Operação da PF mira aplicadoras de provas do Enem

Metrópoles

Polícia Federal deflagrou, neste sábado (09/11/2019), a Operação Thoth, que visa recolher elementos que esclareçam os atos irregulares cometidos durante a aplicação de provas do Exame Nacional do Ensino Médio (Enem), no último domingo (03/11/2019).

Foram cumpridos dois mandados de busca e apreensão, expedidos pela 12ª Vara Federal de Fortaleza (CE), nas casas de aplicadoras dos exames, suspeitas de terem vazado imagens da prova. Elas foram identificadas mediante levantamento realizado em cooperação com o Instituto Nacional de Estudos e Pesquisas Educacionais Anísio Teixeira (Inep).

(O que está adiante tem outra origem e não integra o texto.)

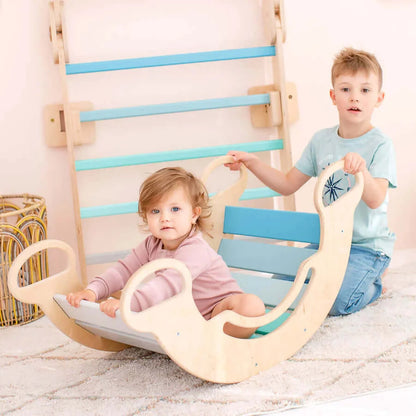 5-in-1 Montessori Kletterbogen Mint von Busykids aus Holz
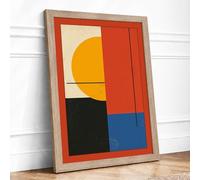 Structures Geometric Framed Wall Art Print A3 Oak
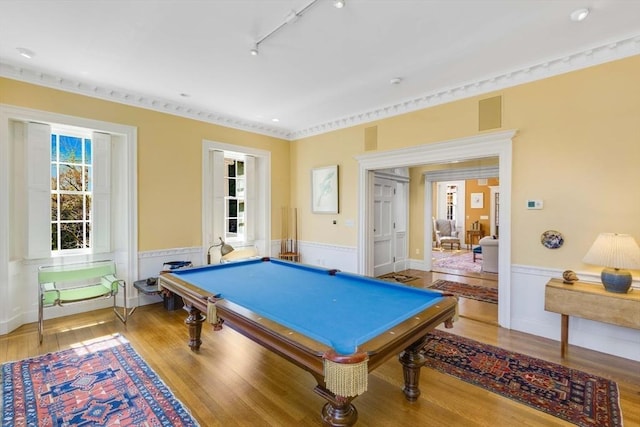 26 Winter St, Salem, MA 01970 - playroom featuring a wainscoted wall, light wood-style floors, billiards, rail lighting, and recessed lighting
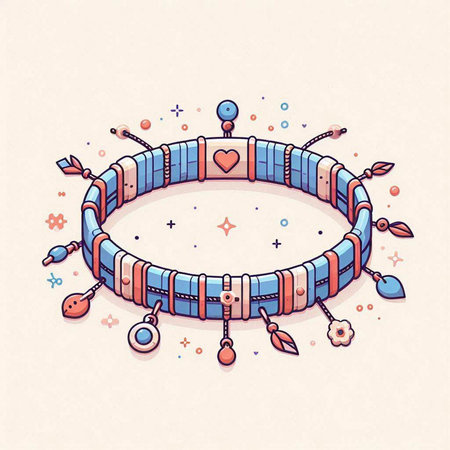 Necklace in the style of boho. Vector illustration.のイラスト素材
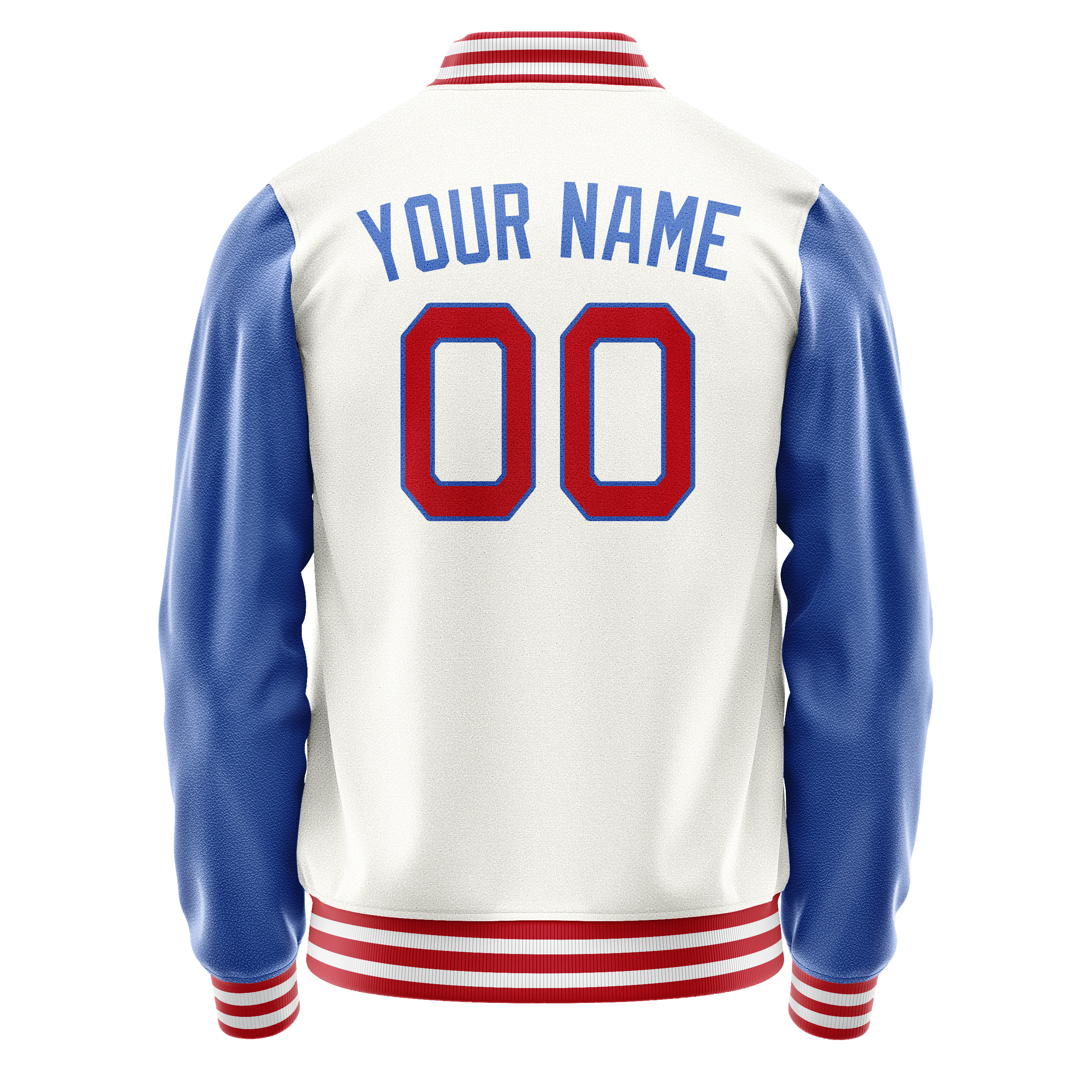 Custom White Royal Solid Color Varsity Letterman Jacket JA02240617LH449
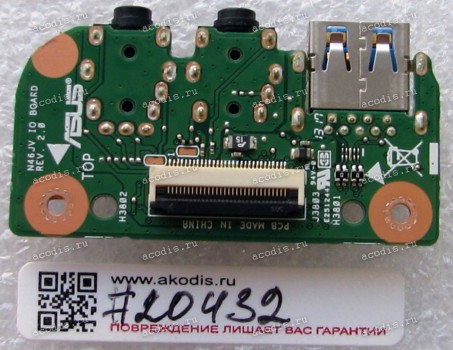 USB & Audio board Asus N46JV (p/n: 90NB01C0-R10020) REV:2.0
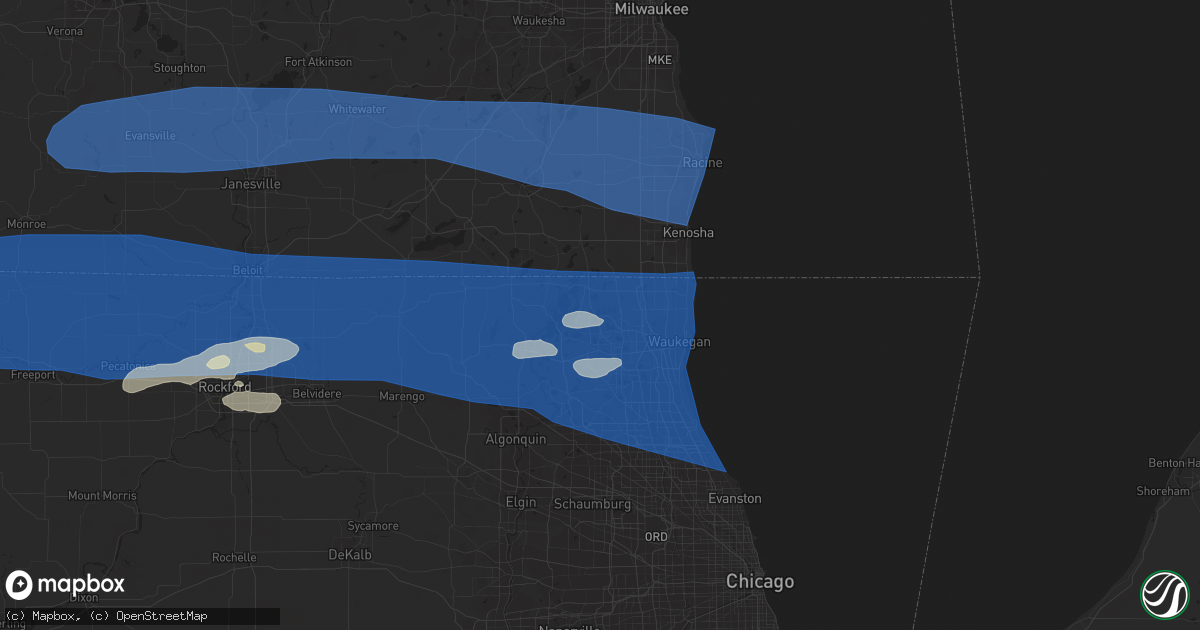 Hail map in Lake Villa, IL on July 26, 2023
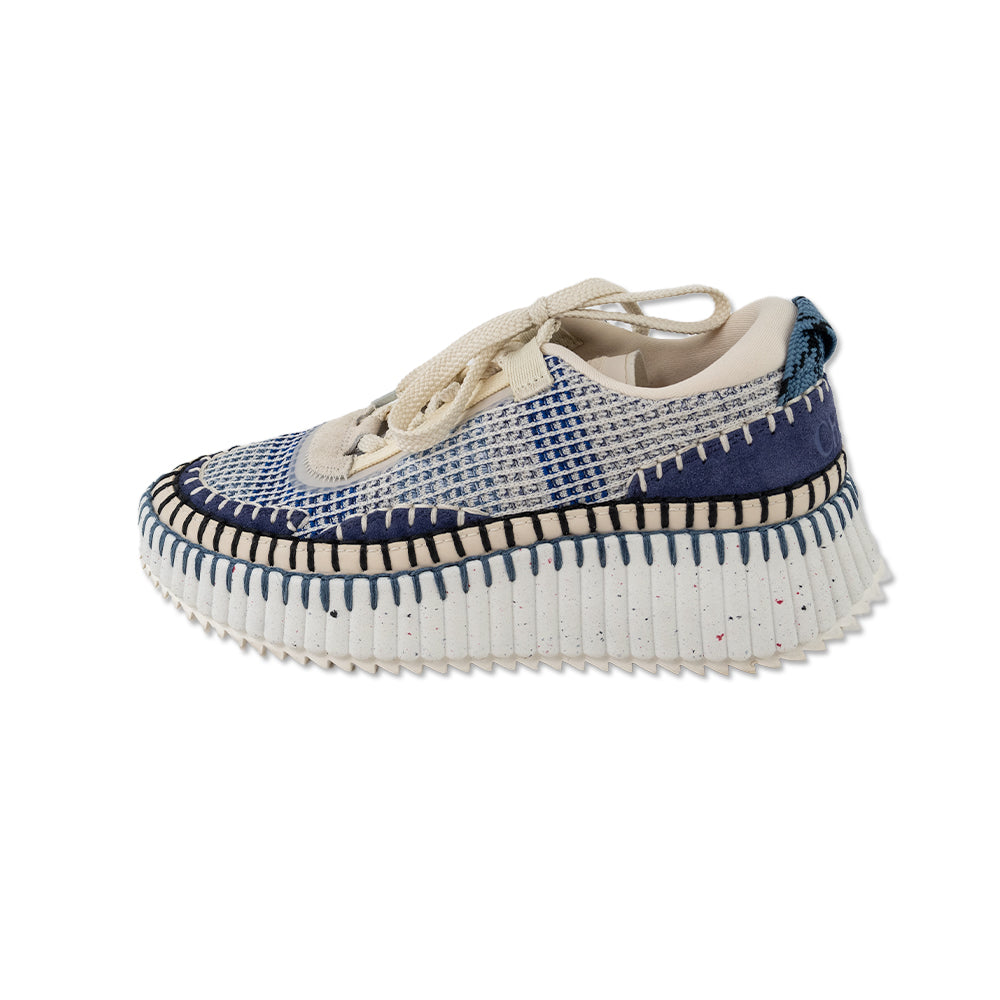 Chloe Blue Woven Nama Low Top Sneakers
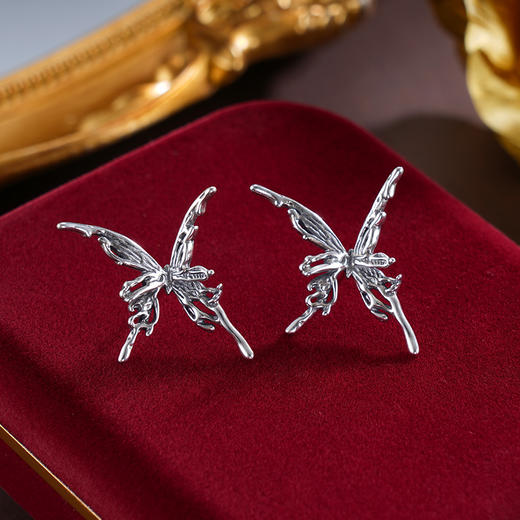 子佩集S925银【融化心蝶】耳钉【RSE1102】纯银2503 商品图4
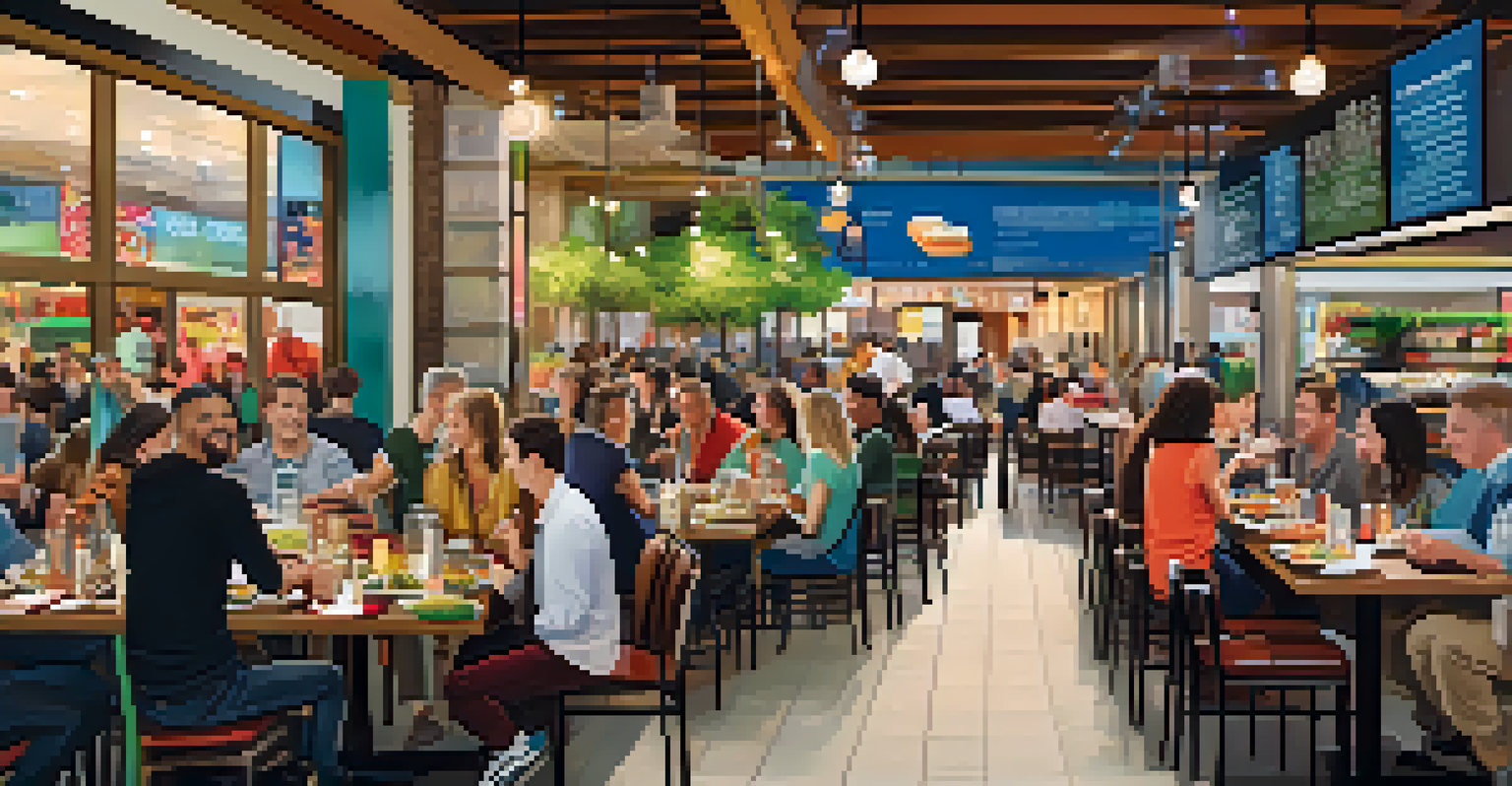 A close-up of a food court table filled with colorful dishes and diners enjoying their meals in a lively atmosphere.
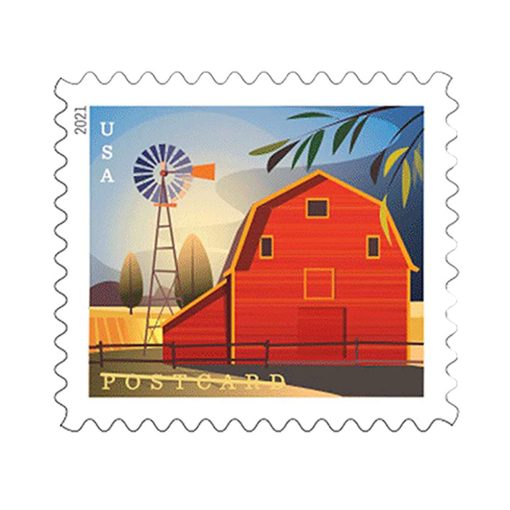 Barns Postcard 2021 USPS Stamps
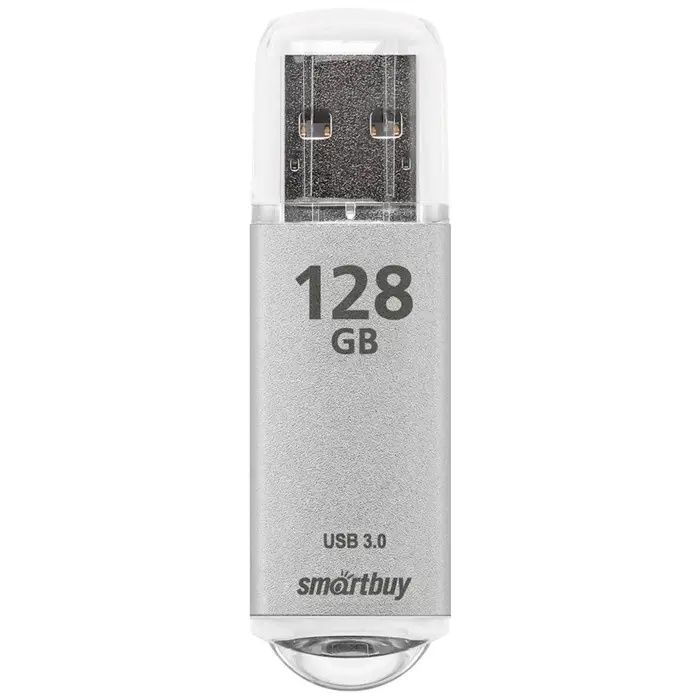 Флешка Smartbuy V-Cut, 128 ГБ, USB 3.0, чтение до 75 Мб/с, запись до 25 Мб/с, серая
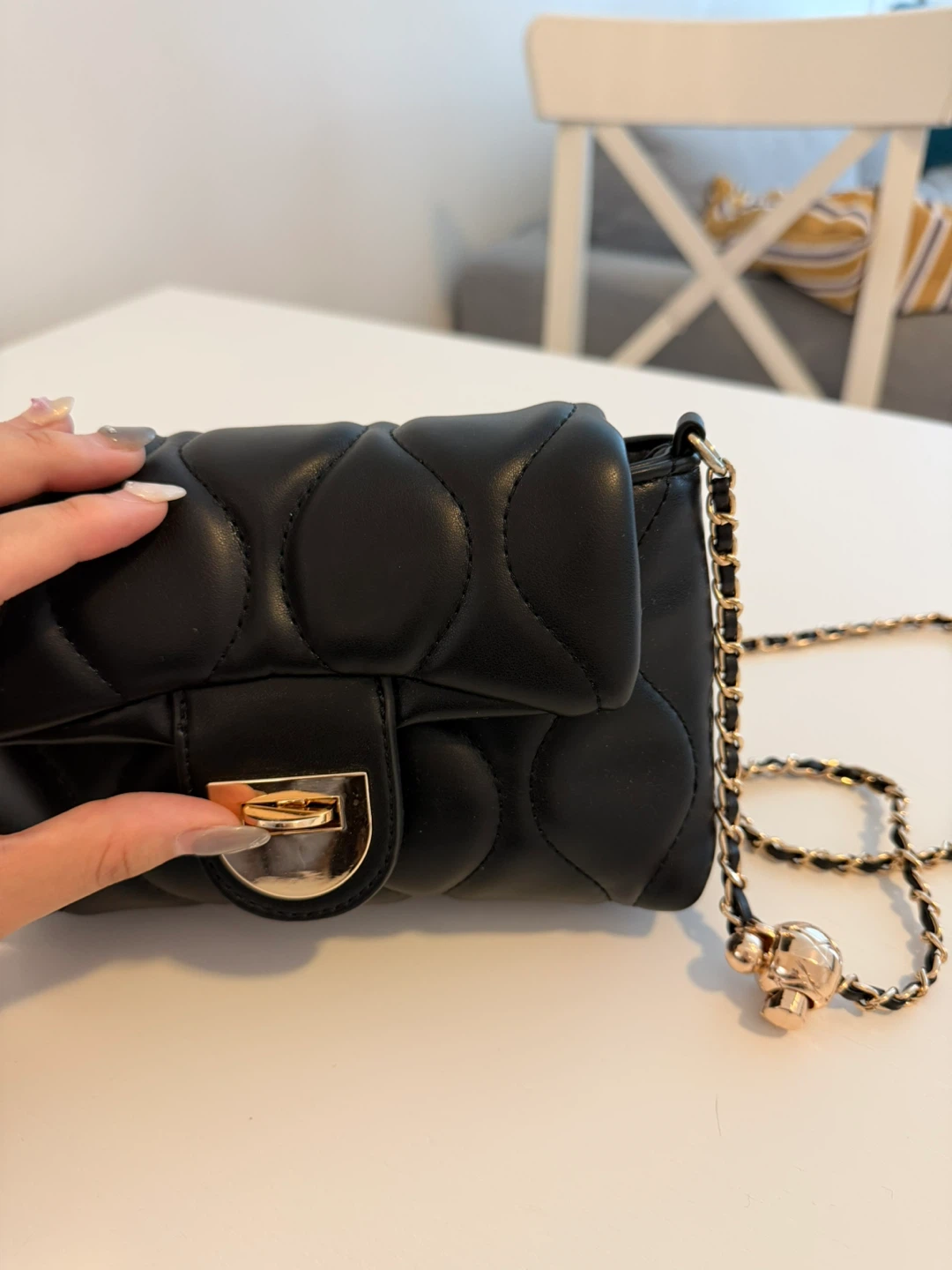 Black Quilted Mini Bag with Chain Strap - photo 2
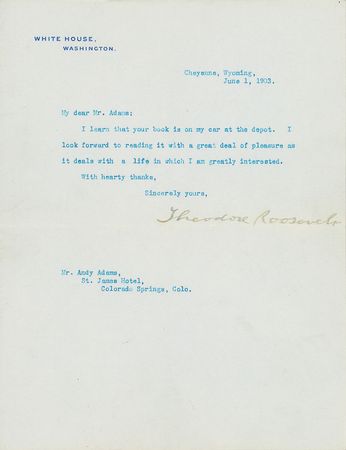 Lot #60 Theodore Roosevelt Typed Letter Signed - Image 1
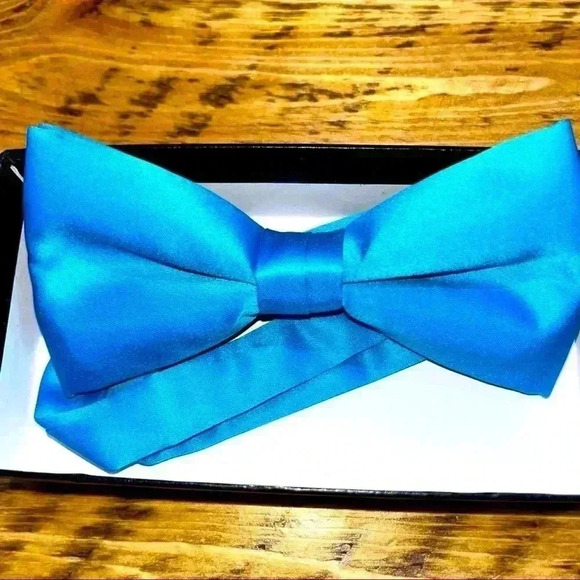 Mens Teal Bow tie New in box Silk made in Milano Italy - Picture 1 of 3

Durante as buscas, foram apreendidos os celulares das aplicadoras que serão submetidos à perícia. As investigações seguem para apurar todas as circunstâncias dos fatos.

As duas suspeitas poderão ser indiciadas pelo crime de fraude em certames de interesse público. As penas podem ultrapassar cinco anos de cadeia. A PF informa que segue investigando, como o apoio do Inep, outros casos no Rio de Janeiro e na Bahia.

O nome da operação remete ao deus egípcio da escrita e da sabedoria. Os egípcios acreditavam que ele criara os Hieróglifos (caracteres utilizados para a escrita no Egito antigo). Thoth era também conhecedor da matemática, astronomia, magia e representava todos os conhecimentos científicos, o que traduz o universo em que estão envolvidos os candidatos do Enem.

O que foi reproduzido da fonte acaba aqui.